• Signed informed consent.

• Eastern Collaborative Oncology Group (ECOG) performance status score of 0 or 1.

• Body weight \> 30 kg.

• Absolute neutrophil count (ANC) \>= 1500 mm\^3 (within 28 days before the first study treatment).

• Hemoglobin \>= 9.0 g/dL (within 28 days before the first study treatment).

• Platelet count \>= 100,000 per mm\^3 (within 28 days before the first study treatment).

• Serum bilirubin =\< 1.5 X upper limit of normal (ULN) (within 28 days before the first study treatment). Subjects with Gilbert's syndrome will be considered after consultation with the principal investigator (PI).

• Aspartate aminotransferase (AST) and alanine aminotransferase (ALT) =\< 2.5 X ULN (within 28 days before the first study treatment).

• For subjects who will be treated with dose dense methotrexate, vinblastine, doxorubicin, and cisplatin (DD MVAC) or cisplatin and gemcitabine (CG), creatinine clearance \>= 50 mL/min as measured based on Cockcroft-Gault glomerular filtration rate estimation (within 28 days before the first study treatment).

• For subjects who will be treated with carboplatin and gemcitabine (Carbo Gem), creatinine clearance \>= 30 mL/min as measured based on Cockcroft-Gault glomerular filtration rate estimation (within 28 days before the first study treatment).

• Anticipated life expectancy of \>= 12 weeks as assessed by the investigator.

• Histologically proven carcinoma of the bladder of variant urothelial carcinoma histologies which include squamous, adenocarcinoma, nested, plasmacytoid, micropapillary, glandular differentiation, lipid cell, clear cell, undifferentiated, giant cell, trophoblastic, sarcomatoid, carcinosarcoma; subjects with mixed cell types are eligible.

• Clinical T stage 2 (cT2) T4a, N0 N1, M0 disease. Clinical T stage is based on the transurethral resection of bladder tumor (TURBT) sample and imaging studies. Subjects must undergo cystoscopy and TURBT as part of screening within 30 days prior to registration.

• Abdominal/pelvic imaging by computed tomography (CT) or magnetic resonance imaging (MRI) scan; chest imaging by CT scan or x-ray (CT/positron emission tomography (PET) within 30 days prior to registration.

• Resting 12 lead electrocardiogram (ECG) documenting Fridericia's correction formula (QTcF) =\< 470 ms.

• Consent to provide a formalin fixed paraffin embedded (FFPE) tissue block and 1 hematoxylin and eosin (H and E) slide (preferred) or one of the following:

‣ 10 unstained slides and 1 H and E slide OR

⁃ Tissue block punches and 1 H and E slide, OR

⁃ 4 to 6 cores and 1 H and E slide.

• Willing and able to comply with the protocol for the duration of the study including undergoing treatment, scheduled visits and examinations including follow up.

• For female subjects:

‣ Women \< 50 years of age would be considered post-menopausal if they have been amenorrheic for 12 months or more following cessation of exogenous hormonal treatments and if they have luteinizing hormone and follicle stimulating hormone levels in the post-menopausal range for the institution or underwent surgical sterilization (bilateral oophorectomy or hysterectomy).

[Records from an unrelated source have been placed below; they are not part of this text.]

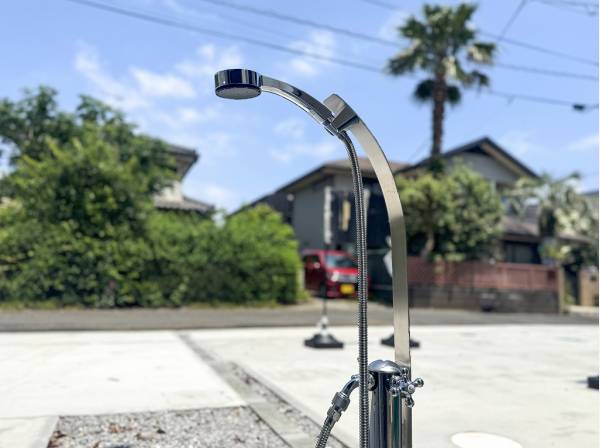 海エリアでは必須アイテムの外シャワーを完備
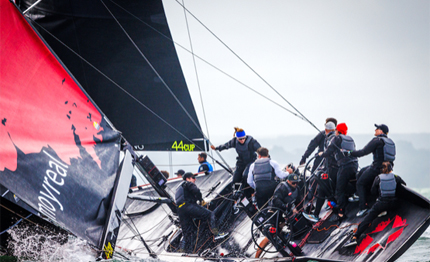 rc44 cup cowes regate esaltanti con il vento forte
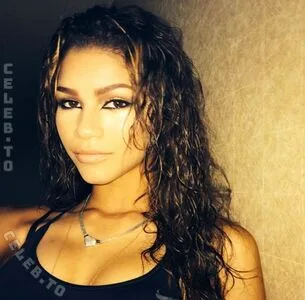 Zendaya OnlyFans Leaked Free Thumbnail Picture - #iBox47mSR3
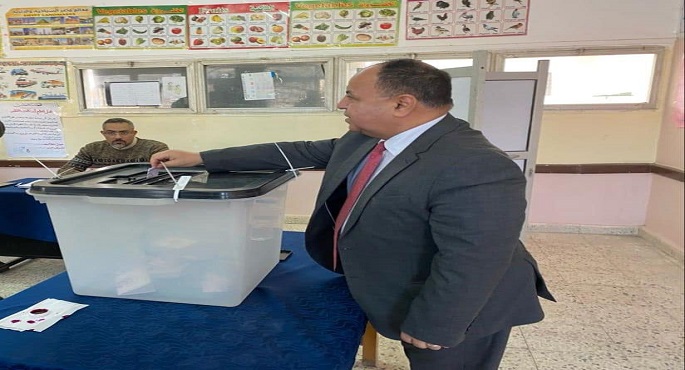 بالصور .. وزير المالية عقب الإدلاء بصوته : المصريون يكتبون تاريخًا في الديموقراطية
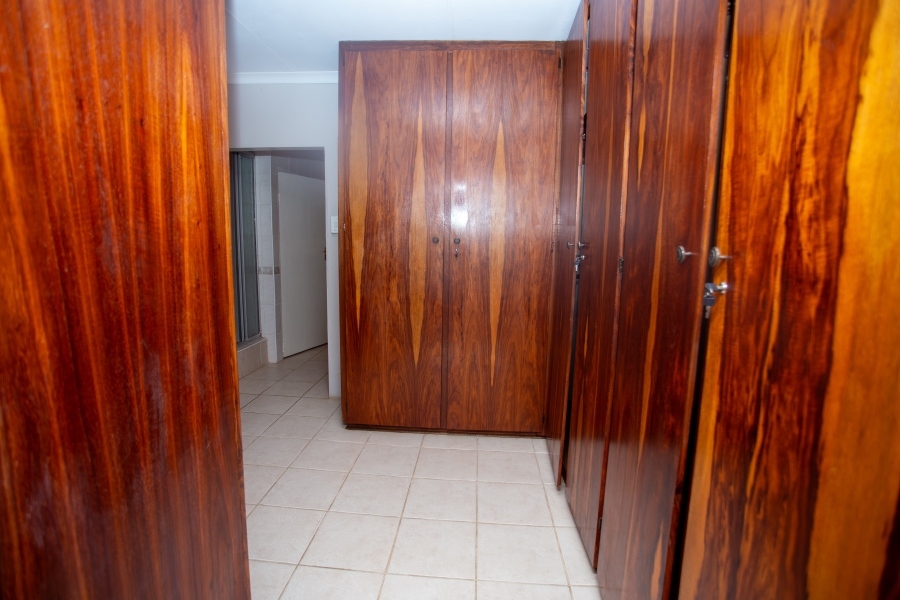 5 Bedroom Property for Sale in Chroompark Limpopo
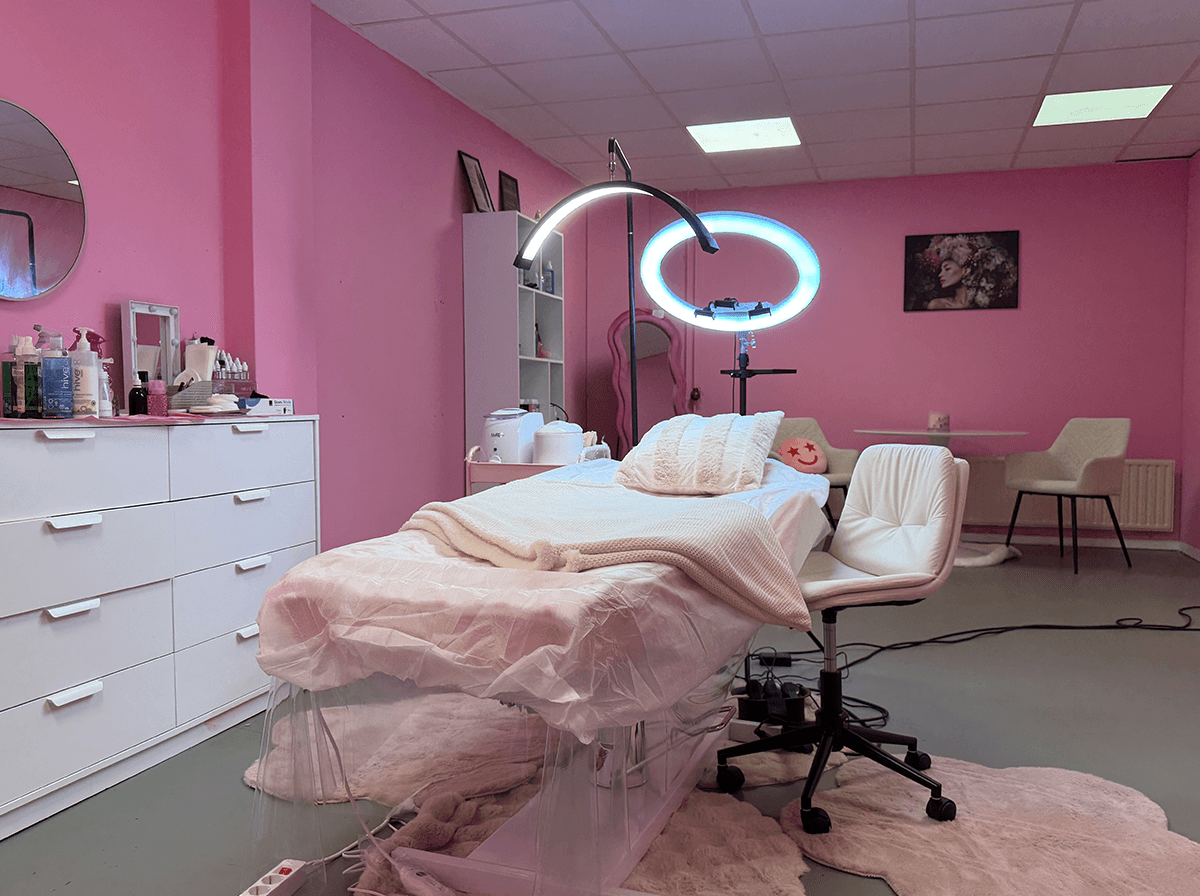 The Nathalie Boutique Salon Interieur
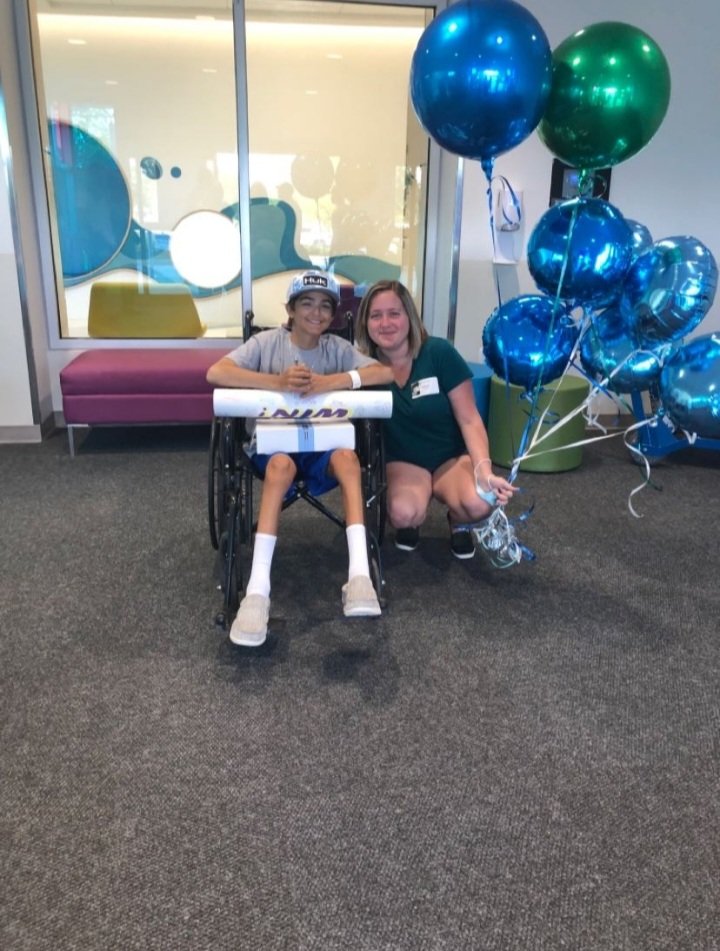 Last week I had the pleasure of getting to be there for a sweet boy who has held my heart since he was in 3rd grade. Almost 3 years ago he was diagnosed with Leukemia and last week he rang the No More Chemo Bell😍 
#22Strong
#NoMoChemo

⁃ Women \>= 50 years of age would be considered post-menopausal if they have been amenorrheic for 12 months or more following cessation of all exogenous hormonal treatments, had radiation induced menopause with last menses \> 1 year ago, had chemotherapy induced menopause with last menses \> 1 year ago, or underwent surgical sterilization (bilateral oophorectomy, bilateral salpingectomy or hysterectomy).